** THE INPUT follows **

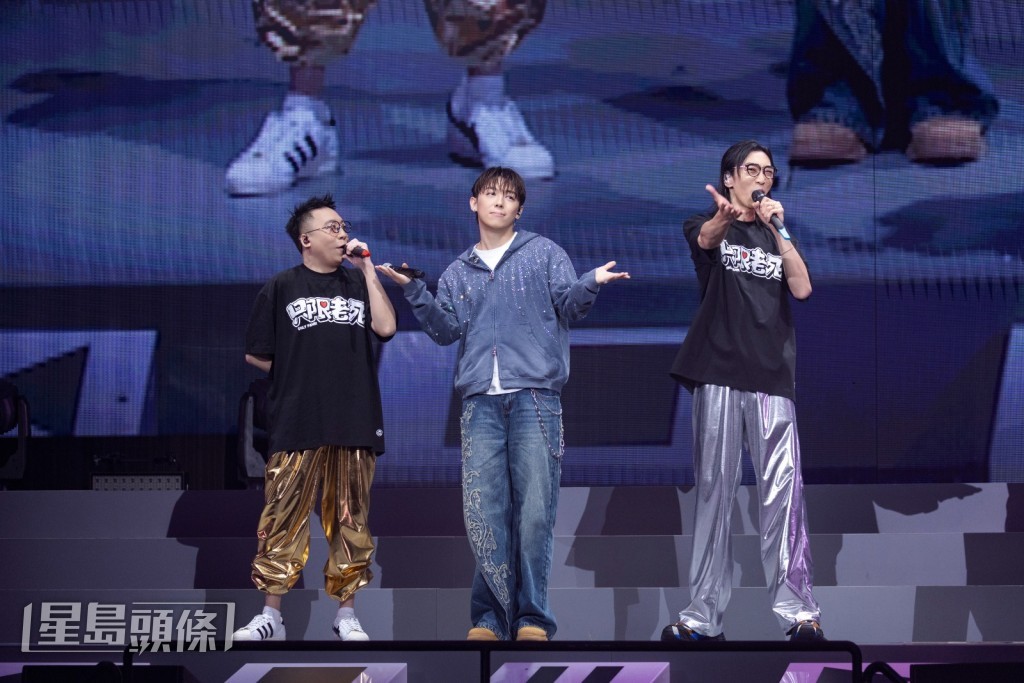 昨晚演出的最大驚喜,是農夫邀請到MC張天賦擔任神秘嘉賓。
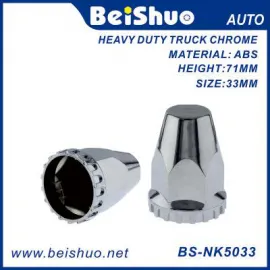 BS-NK5033 33mm ABS chrome Nut cover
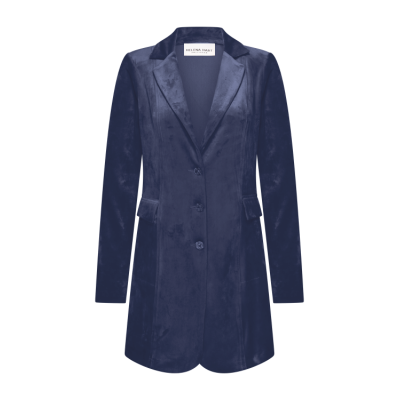 7624 - BLAZER TUXY VELOUR - MARINE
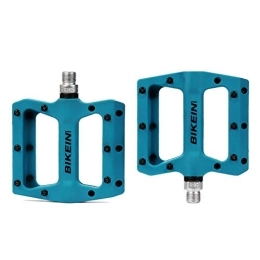 BIKEIN PRO Spares BIKEIN PRO MTB Bike Pedal Nylon Fiber Non-Slip 9 / 16 Inch Bicycle Platform Flat Pedals for Road Mountain BMX Bike Blue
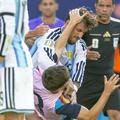 Leandro Paredes îl lovește pe spaniolul Gavi la sfârșitul finalei CM 2026, Argentina - Spania (0-1) // foto: Imago Images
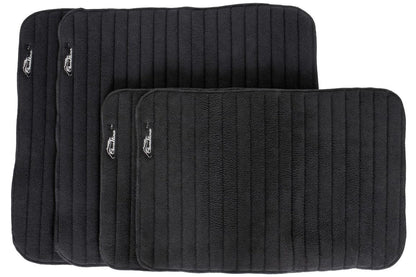 Cavallino Padded Leg Wraps - Black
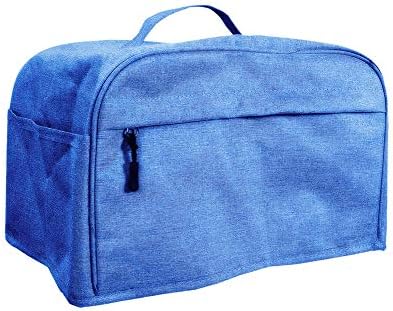  Toaster Cover UCARE 4 Slice Toaster Dust Cover With Side Pocket Can Hold Personalized Pocket Knife Tear Resistant And Waterproof Fit Most 4 Slice Toaster (Black, 16” X 7.5” X 8”)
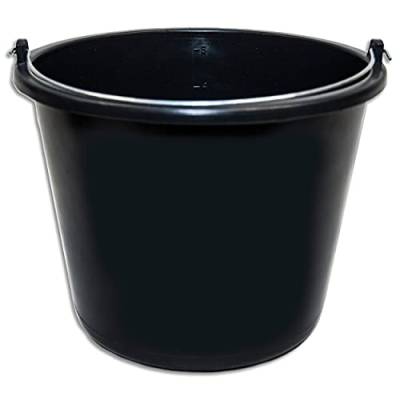 Stella Bucket Baueimer für die Baustelle - schwarz (5 Liter) von Wohnkult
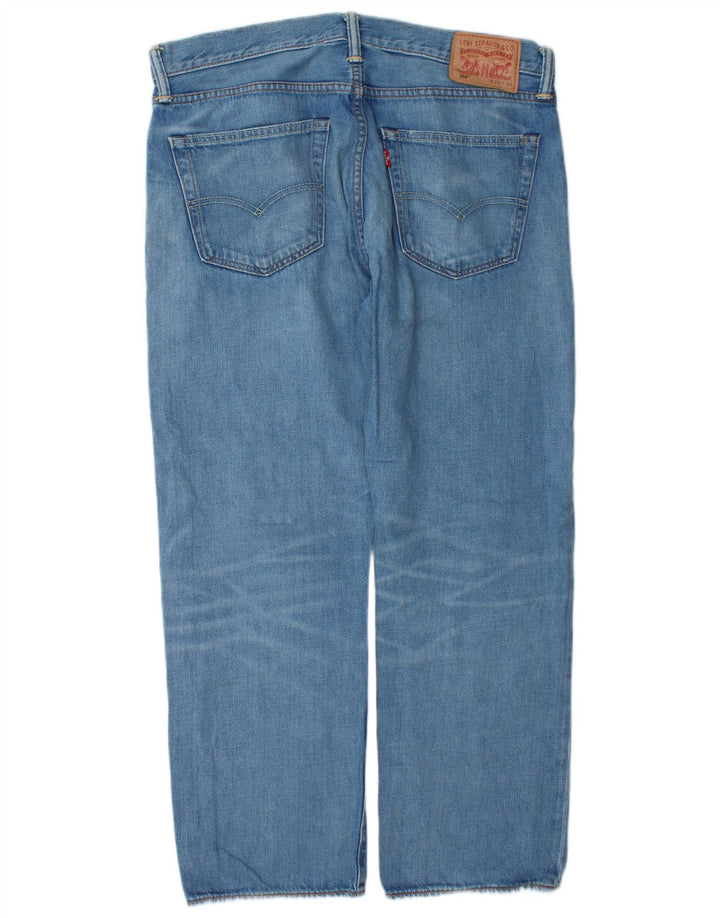 Мужские прямые джинсы Levi's 504 W36 L30 синие, хлопок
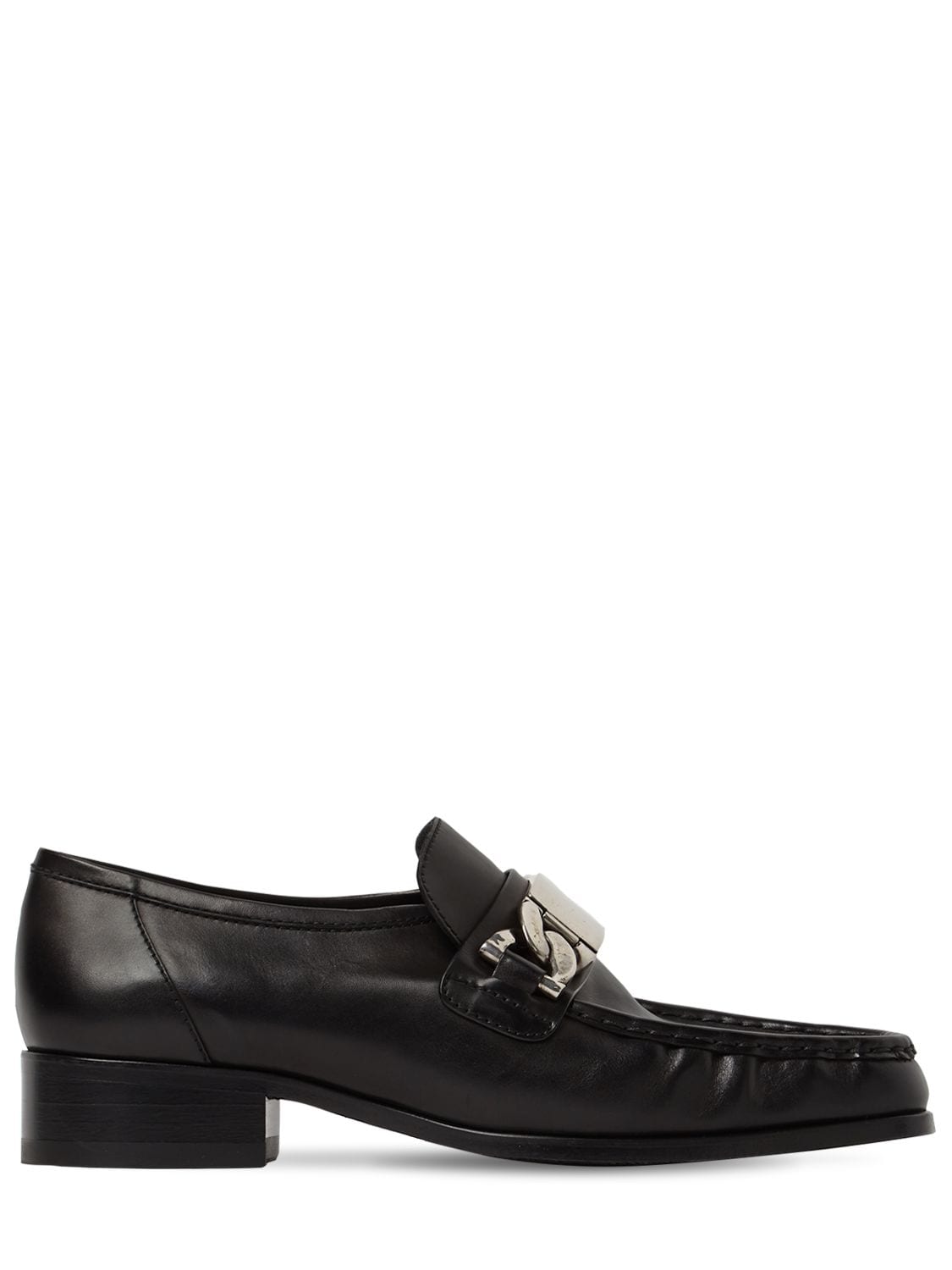 Dsquared2 30mm Wanna-d Plaque Leather Loafers In 블랙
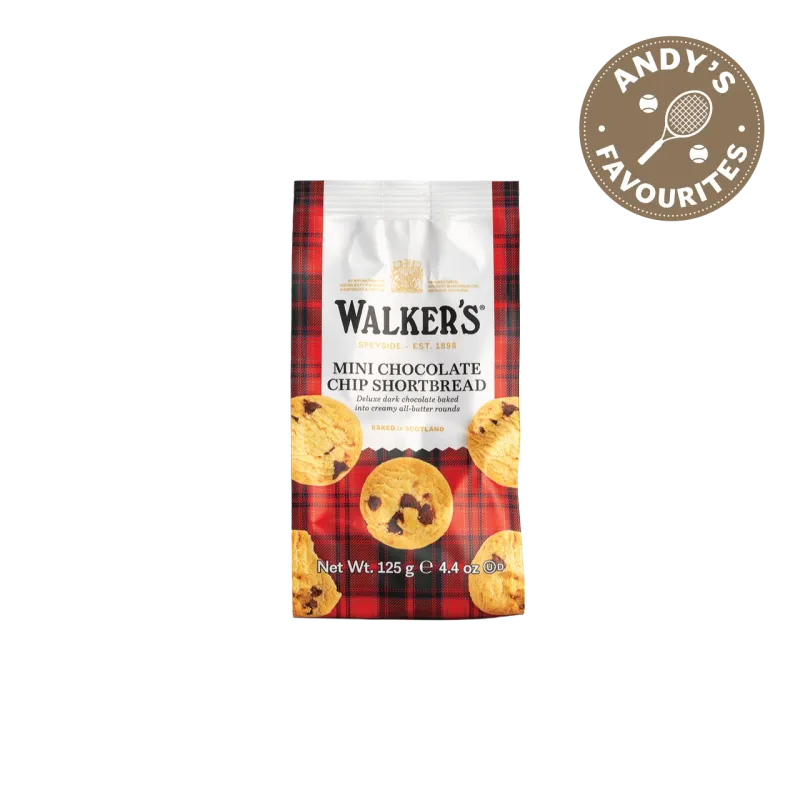 Walkers Mini chocolate Shortbread Rounds 125gr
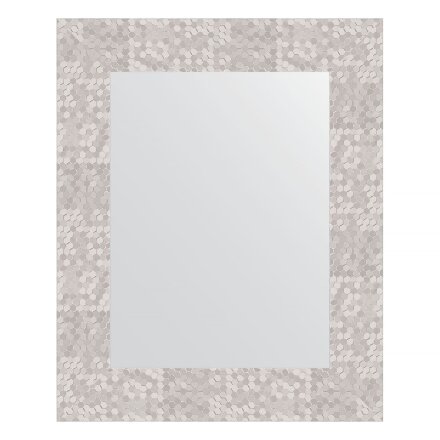 Зеркало в багетной раме Evoform соты алюминий 70 мм 43х53 см в Казани 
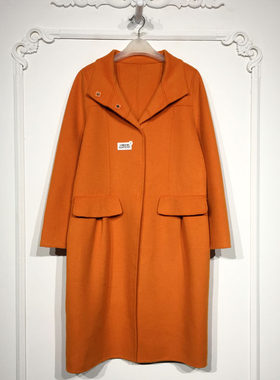 N系列 8247S161 时尚羊毛双面呢毛呢外套品牌女装折扣颦薪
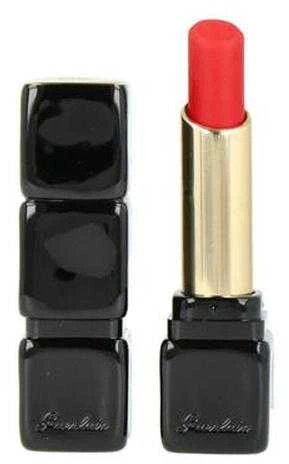 Guerlain Kiss Kiss Tender Matte Matiniai lūpų dažai, spalva - 910 Wanted Red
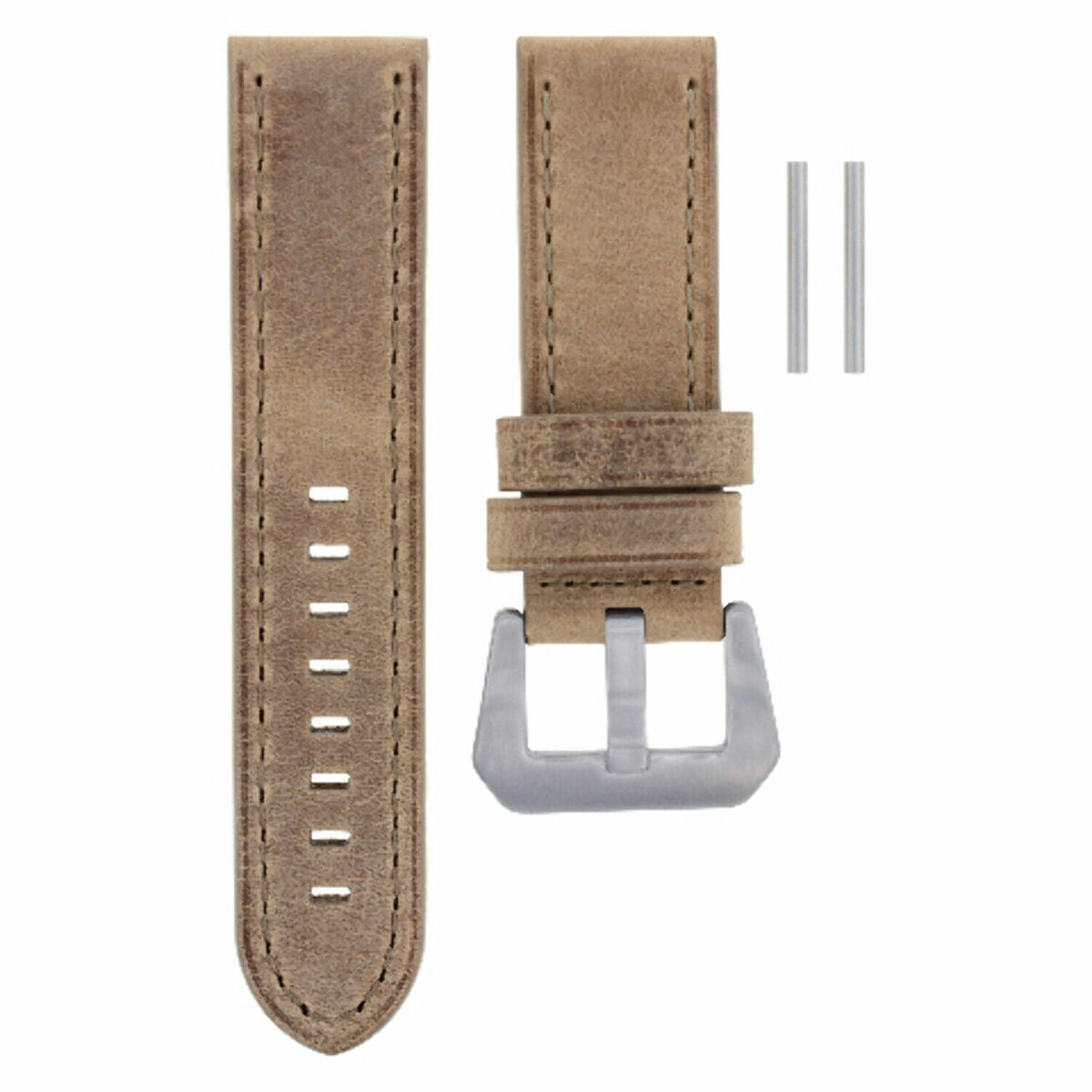 22-24MM PREMIUM PAM LEATHER WATCH STRAP BAND FOR 40- 44MM PANERAI GMT WATCH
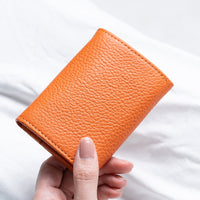 イタリアン/フルグレイン シュリンク レザー 大容量 名刺入れ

** End of THE INPUT **

REQUIRED WORK: Nothing but the lines from the start of the listing through the line with "Cavallino Padded Leg Wraps - Black" belongs in the answer, each one retyped exactly and without pictures.

TASK ANSWER:
 昨晚演出的最大驚喜,是農夫邀請到MC張天賦擔任神秘嘉賓。
 BS-NK5033 33mm ABS chrome Nut cover
 7624 - BLAZER TUXY VELOUR - MARINE
 BIKEIN PRO Spares BIKEIN PRO MTB Bike Pedal Nylon Fiber Non-Slip 9 / 16 Inch Bicycle Platform Flat Pedals for Road Mountain BMX Bike Blue
 Leandro Paredes îl lovește pe spaniolul Gavi la sfârșitul finalei CM 2026, Argentina - Spania (0-1) // foto: Imago Images
 Cavallino Padded Leg Wraps - Black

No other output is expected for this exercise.